QUOTE Jeśli uznamy, że każde zaangażowanie wojska Dopisz tam: "w walkę z ludzkim przeciwnikiem" i będzie sensownie.
QUOTE Nieco poważniej. Ciekaw jestem czemu trzy kolejne nauczycielki historii - w różnych szkołach uczyły mnie, że XIX w Europie nazywany był "wielkim balem" ponieważ nie prowadzono działań wojennych. Skąd taki pomysł? Pomyłka z kongresem wiedeńskim?
|
|
|
|
|
|
|
|
QUOTE(Alexander Malinowski2 @ 5/05/2014, 22:10) CODE Na chwilę obecną można powiedzieć, że kolejny okres pokoju od roku 1945 się kończy, patrząc na to co się dzieje na Ukrainie. Moim zdaniem nie można liczyć lat 1945-1947, bo toczyła się wojna. 1950-1953 to wojna koreańska, w której Polska jakoś była zaangażowna. 1956 to Poznań i Pażdziernik z ruchami wojsk. 1968 interwencja w Czechosłowacji. W 1970 był wprowadzony stan wojenny na wybrzeżu, a w 1981 w całej Polsce. Wychodzi, że najdłużej było 1956-1968 12 lat za Gomułki. W dyskusji o okresach pokoju i wojny to trzeba by chyba sprecyzować pojęcia bo z podanych tutaj przykładów o ile okres 1945-47 da się zakwalifikować jako "wojna domowa" to już ani Poznań 1956, ani wydarzenia na wybrzeżu w 1970, ani stan wojenny z 1981 nijak się na żadną wojnę nie kwalifikują.
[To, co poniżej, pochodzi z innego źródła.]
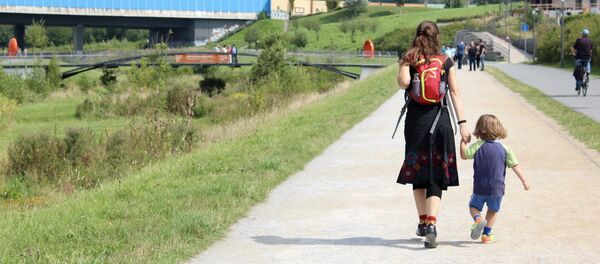 Женщина с ребенком - Sputnik Казахстан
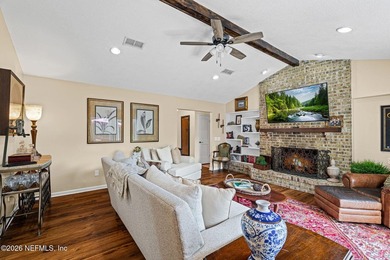 Location, location, location! This beautifully maintained brick - photo 22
Tłumienie przez armię (czy z udziałem armii) rozruchów wewnętrznych, gdy tak naprawdę nie występują starcia zbrojne nie można zakwalifikować jako okres nie będący "pokojem". Na tej samej zasadzie nie można do czegoś takiego zakwalifikować np. tłumienia rozruchów w czasie IIRP (choć użyto wojska i dochodziło do użycia broni) czy nawet nie da się do tego zakwalifikować wojskowego przewrotu z 1926.
Nawet zajęcia Zaolzia w 1938 podobnie jak interwencji w CSRS w 1968 do wojny czy wydarzeń wojennych zakwalifikować się nie da - choć w obu przypadkach mieliśmy do czynienia z działaniami wojska na zewnątrz kraju.
Kompletnym nieporozumieniem jest branie pod uwagi wojny koreańskiej z 1950-53, bo choć miała duży wpływ na rozbudowę WP i można mówić o zaangażowaniu politycznym to w żaden sposób Polska czynnego udziału w tej wojnie nie brała.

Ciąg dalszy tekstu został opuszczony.